ANY CHANCE FOR an impartial, blue-ribbon study of the impact of gambling on this country vanished when Congress' two top Republicans chose extremists on both ends of the social spectrum for this federal panel. President Clinton compounded the problem this month by naming three more members who are far from impartial. And, finally, the congressional GOP leaders finished the debacle by choosing an ardent social conservative to chair this panel.
Instead of giving Americans a solid, down-the-middle analysis of the implications of casinos, slots parlors, sports betting and lotteries, this panel will be incapable of agreeing on much of anything. Look at the line-up:
The CEO of the nation's biggest casino; the head of Nevada's Gaming Control Board; a union leader of casino workers; a Native American official whose tribe runs bingo games; ex-politicians from New Jersey and California who opposed gambling, and three Christian fundamentalists adamantly against gambling.
They come to this task with strongly held beliefs. They can't afford to change their views, regardless of the information turned up by commission staff over the next two years. They have vested interests in seeing their own positions included in the final report. Every conclusion will be contested in a minority report.

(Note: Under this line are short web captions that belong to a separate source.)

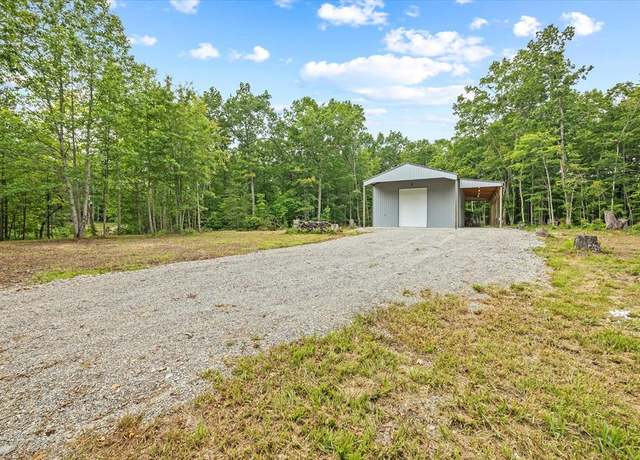 Property at 280 Paradise Ln, Crawford, TN 38554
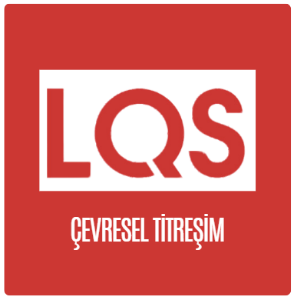 TİT-1 / Çevresel Titreşim resmi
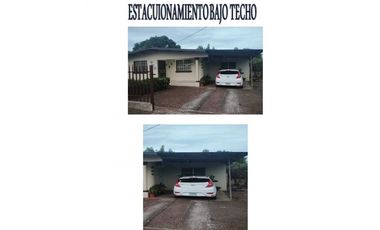 SE VENDE CASA EN AGUADULCE RESIDENCIAL SAN FRANCISCO DE ASIS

This commission has been star-crossed from the start. Casino lobbyists fought vehemently to kill the notion of a gambling study; Nevada's two senators were especially active. Then Senate Majority Leader Trent Lott and House Speaker Newt Gingrich delayed making their appointments, and the president waited nine months before he named his three selections.
What an embarrassment. A panel filled with advocates and closed-minded members. The group's hearings ought to be hilarious, as pro- and anti-gambling commissioners take turns disparaging the other's witnesses. Voting sessions should be a stitch.
Those looking for a comprehensive analysis of what gambling has done to American society won't be happy, though. This commission could be a two-year waste of time and millions in taxpayer dollars. The president and congressional leaders bear full responsibility.